From the first line to the last, write out the records exactly, leaving out images.

Material for this task START

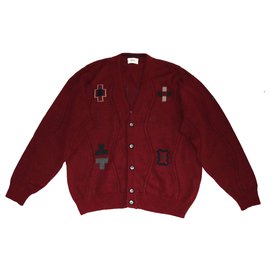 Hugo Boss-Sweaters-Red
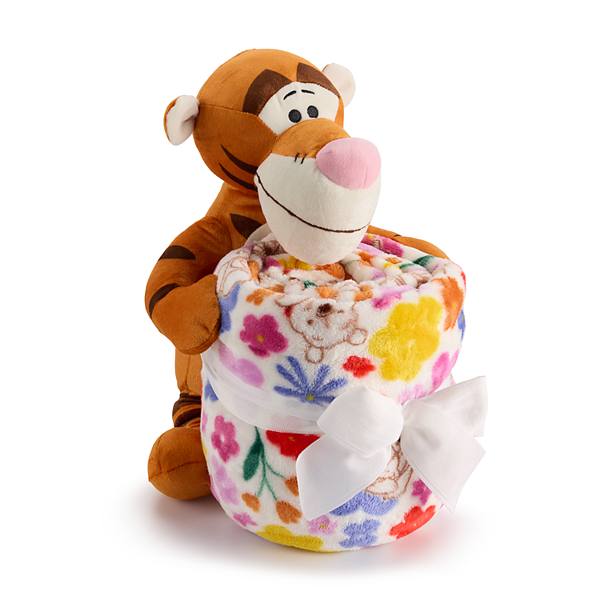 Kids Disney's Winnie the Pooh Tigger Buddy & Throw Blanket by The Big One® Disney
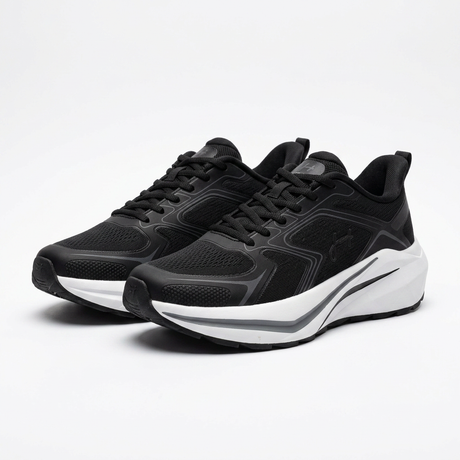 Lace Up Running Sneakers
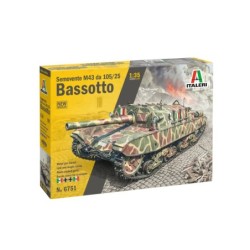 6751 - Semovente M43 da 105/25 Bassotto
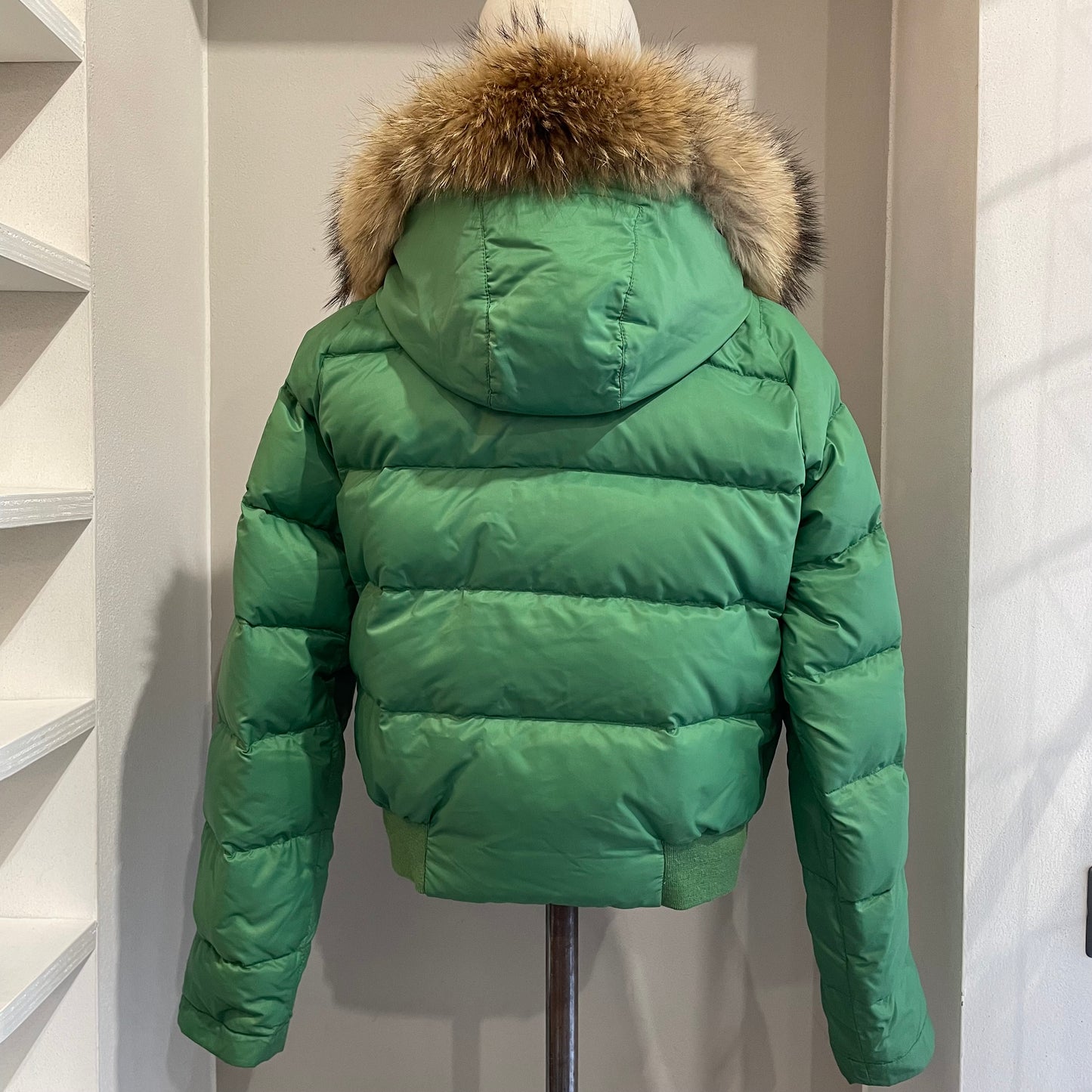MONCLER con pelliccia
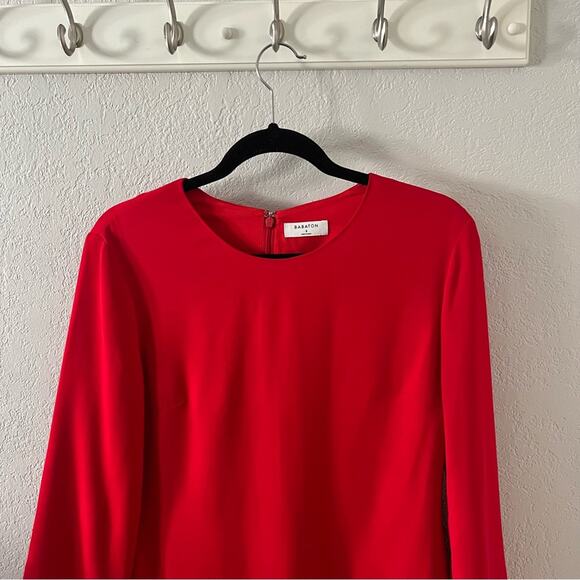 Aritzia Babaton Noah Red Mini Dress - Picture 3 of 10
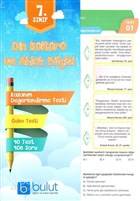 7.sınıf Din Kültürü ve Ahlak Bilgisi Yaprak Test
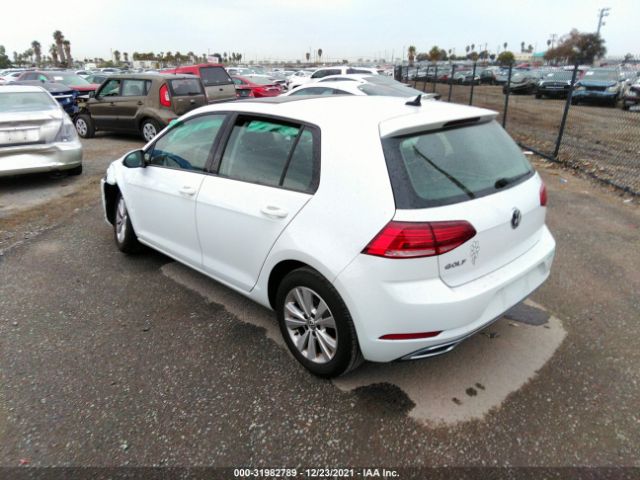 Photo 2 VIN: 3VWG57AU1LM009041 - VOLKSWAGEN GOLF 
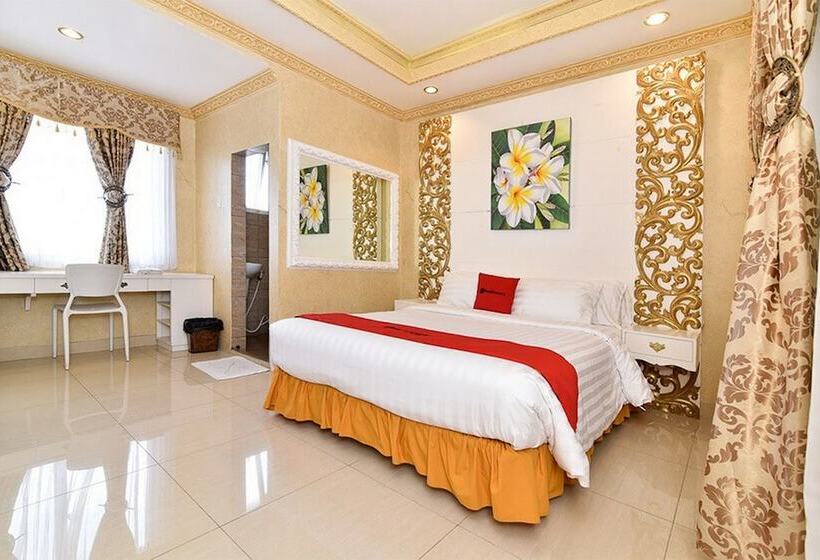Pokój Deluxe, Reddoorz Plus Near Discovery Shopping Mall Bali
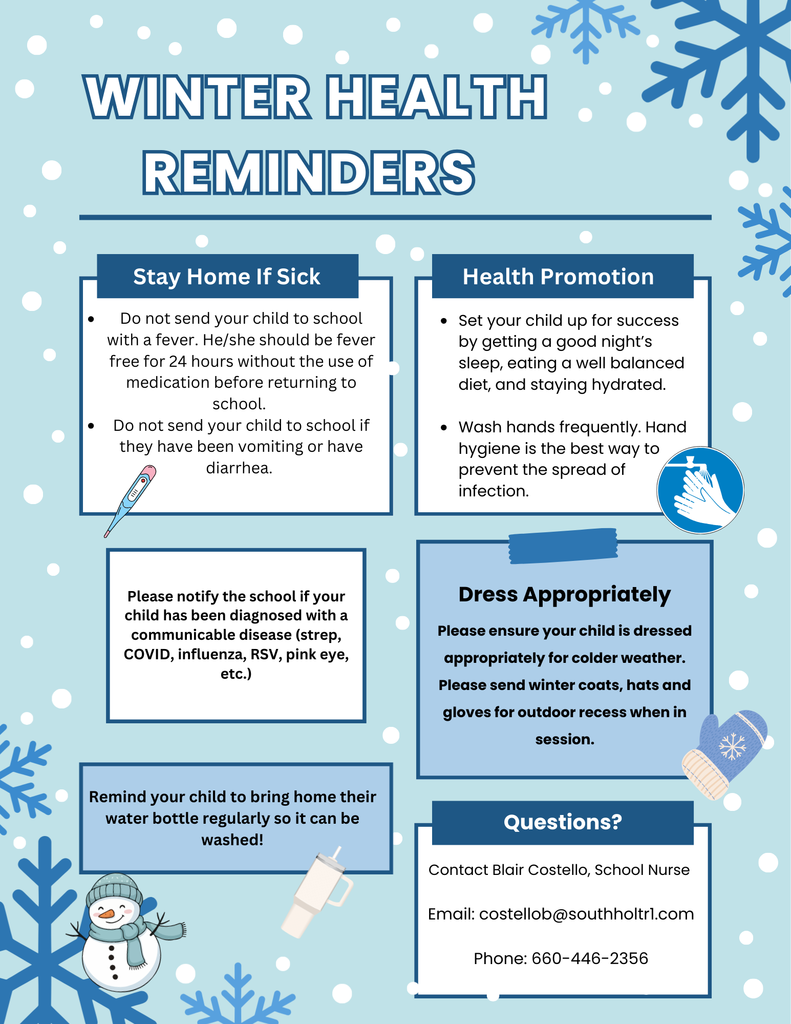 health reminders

Material for this task END

Exercise output
 Hugo Boss-Sweaters-Red
 Kids Disney's Winnie the Pooh Tigger Buddy & Throw Blanket by The Big One® Disney
 Lace Up Running Sneakers
 6751 - Semovente M43 da 105/25 Bassotto
MONCLER con pelliccia
 Aritzia Babaton Noah Red Mini Dress - Picture 3 of 10
 7.sınıf Din Kültürü ve Ahlak Bilgisi Yaprak Test
 Photo 2 VIN: 3VWG57AU1LM009041 - VOLKSWAGEN GOLF 
Pokój Deluxe, Reddoorz Plus Near Discovery Shopping Mall Bali
 health reminders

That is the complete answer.